Andrew Adey’s group at the Department of Molecular & Medical Genetics in Oregon Health & Science University published SCI-seq in Nature Methods earlier this week (it has been on the BioRxiv since July). SCI-Seq is a method for single-cell copy number analysis that is likely to be rapidly adopted. In the paper they describe the development of their combinatorial indexed sequencing for whole genome CNV applications.

Replication of single-cell experiments

In the abstract the authors highlight the high costs of current single-cell library-prep technologies. And while they say that this restricts the number of cells that users can afford to sequence, the paper does not mention the limitation in the number of samples that a user might process. Almost all single-cell work is unreplicated and this leads to horrible confounding effects. For single-cell methods to have real impact users are going to need to process many more samples. I think it is worth distinguishing between the number of cells sequenced and the number of samples processed, and that this should be an important consideration of readers and reviewers of single-cell papers. Millions of cells is very cool, but not if they come from one sample!

SCI-seq

Get naked: Single-cell suspensions of frozen brain were created by douncing tissue and straining to remove larger clumps of cells. Nuclei were isolated with Nuclei Isolation Buffer from Roche. An excellent blog post on BiteSizeBio by Michele Ta describes nuclear isolation.

The most interesting part of this paper for me was in the first section of the results. The authors described the problems of getting naked DNA for general whole genome methods. In their earlier work on sciATAC-Seq the need to work on native chromatin meant DNA accessibility was not a problem (it was fundamentally part of the method). However for whole genome methods to work in single-cells  DNA needs to be released from the nucleosomes, without disrupting the nucleus.

They did this by using lithium diiodosalicylate (LAND), which disrupts DNA–protein interactions, to release DNA from histones. Or by using xSDS; a combination of cross-linking followed by SDS treatment to denature histone proteins, the cross-linking was required to stabilise nuclear integrity. 

Make libraries: To make single-cell copy number libraries the combinatorial indexed library preparation works by first sorting pools of several hundred or low thousands of cells into plates. 96 uniquely tagged tranpososmes add Nextera indexes to each DNA fragment. Nuclei are then repooled and sorted into a second plate for dual-index PCR amplification creating uniquely indexed libraries. The random assignment of transposome index, and dual-PCR index creates the high diversity combinatorial library.

Single-cell copy number combinatorial indexing workflow.
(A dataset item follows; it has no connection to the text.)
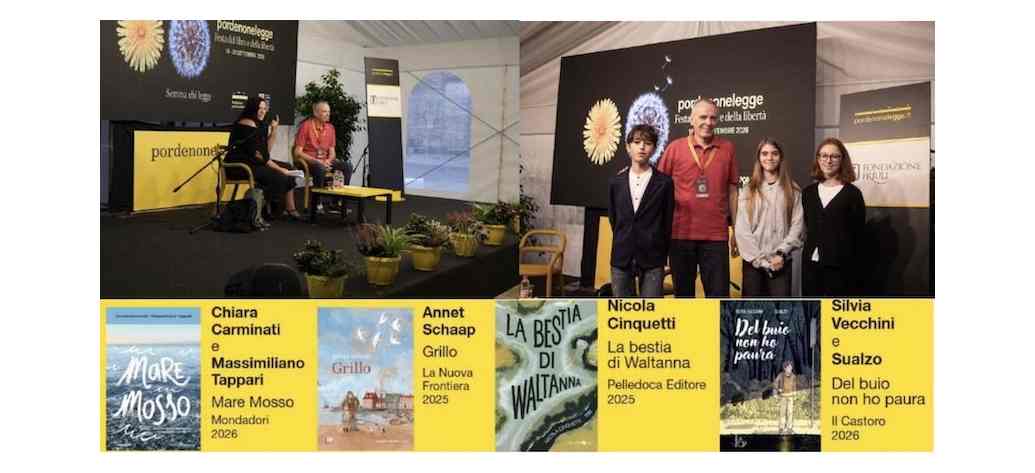 PORDENONELEGGE, ecco i VINCITORI DI “CARO AUTORE… TI SCRIVO”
Single-cell combinatorial indexing workflow.

96 transposon indexes x 96 dual-PCR indexes = 9,216 libraries

96 transposon indexes x 384 dual-PCR indexes = 3,6864 libraries

Validating SCI-Seq

Comparison of sequencing data from LAND, xSDS or untreated nuclei for single-cell copy number showed that LAND or SDS treated nuclei had 5x less enrichment for ATAC signals (i.e. lower enrichment for open chromatin). The number of unique reads was also significantly higher in the treated nuclei. These comparisons demonstrate the free accessibility of the nuclear DNA.
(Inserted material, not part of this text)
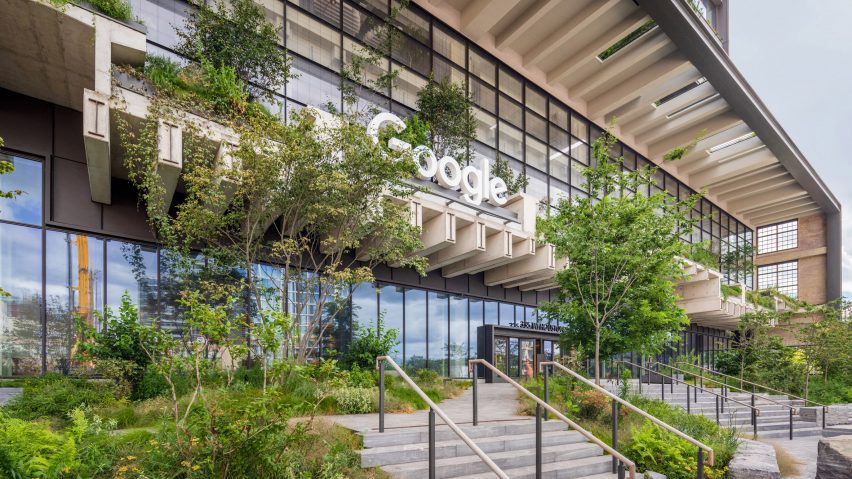 Google entrance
The authors ran a mix of Human and Mouse cells to confirm the doublet rate in their experiments. The second sorting is where a unique cell index is really created and the doublet rate is controlled by varying the number of nuclei pooled at this stage on the flow cytometer. Empirical measurements showed 0-23% doublet rates and the group settled on sorting of 22 nuclei per well to get a 10% doublet rate. However the tests were pretty small scale and this kind of validation would need to be completed by users of the method if doublets would be a significant issue in their experiments.

The authors state in their discussion that the uniformity of nucleosome depletion by xSDS may be improved by the use of other cross-linking agents. But the resolution of around 250 kbp is likely to be.

CNV analysis with SCI-Seq: To determine single-cell copy number the genome was separated into dynamic windows to reduce the bias from repeats, centromeres, and “other complex regions”. A GC correction was applied to each of the individual windows based on its GC composition, with the assumption that larger windows need less GC correction. The ENCODE blacklisted regions were excluded from analysis. After this reads were normalised according to the average number of reads per window. CNV calling was performed with HMMcopy (Sorab Shah’s lab) or DNAcopy and Ginko. Finally tumour breakpoint analysis was performed.

I think SCI-Seq is a great method for single-cell copy number analysis. The paper highlights perhaps the biggest two challenges 1) getting naked DNA for library prep, and 2) reducing the bias in what DNA actually makes it into a library. This second bias is less of an issue with CNV as reads wil be normalised across windows. But as we move into single-cell genotyping experiments allelic drop-out is a massive problem…and one where unbiased library prep is likely to have a big impact.